→ What is being asked:
Everything in the listing should be transcribed exactly, apart from the pictures.

→ Given material:
════════════════
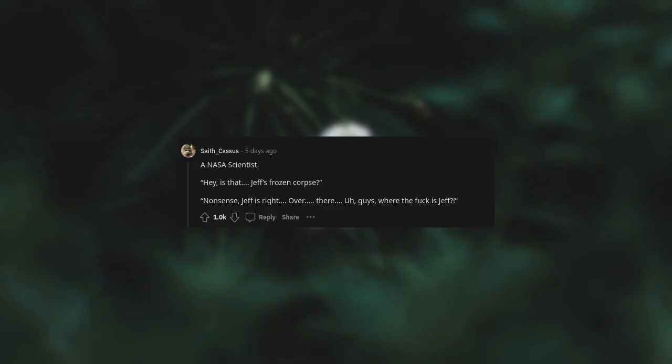A NASA scientist. Hey, is that Jeff's frozen corpse? Nonsense. Jeff is right. Oh fuck, is Jeff? You're killing him.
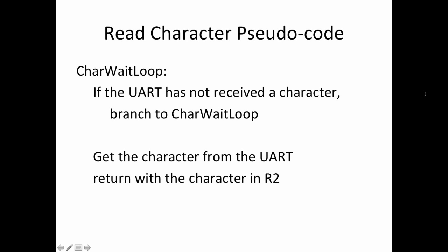The design for our read character routine looks something like this. We have two parts. In the first part, we sit in a loop waiting for a character to arrive. We check the UART and see if it has a character yet, and if it doesn't, we branch back to the top of the loop and we just keep doing that until finally a character arrives.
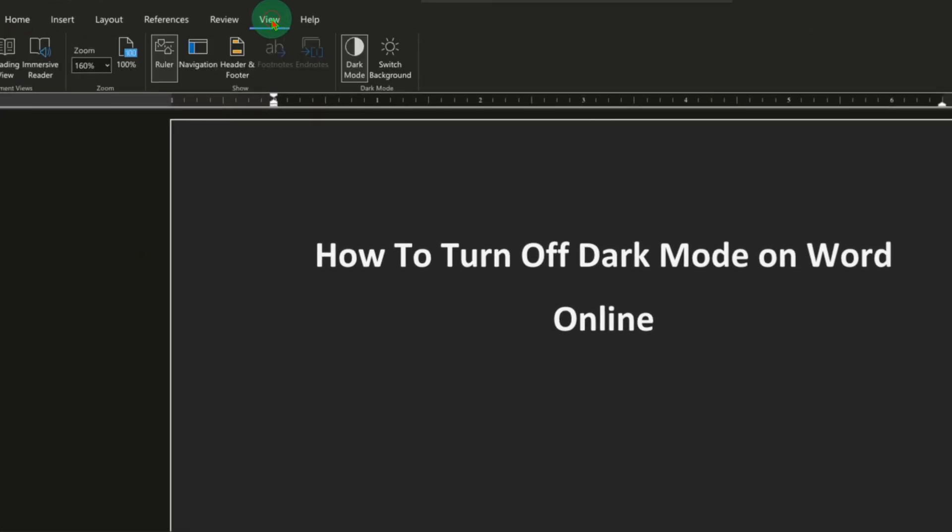After clicking on the view option, you will see here two options: dark mode and switch background.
════════════════
→ Reply to the exercise:
A NASA scientist. Hey, is that Jeff's frozen corpse? Nonsense. Jeff is right. Oh fuck, is Jeff? You're killing him.
The design for our read character routine looks something like this. We have two parts. In the first part, we sit in a loop waiting for a character to arrive. We check the UART and see if it has a character yet, and if it doesn't, we branch back to the top of the loop and we just keep doing that until finally a character arrives.
After clicking on the view option, you will see here two options: dark mode and switch background.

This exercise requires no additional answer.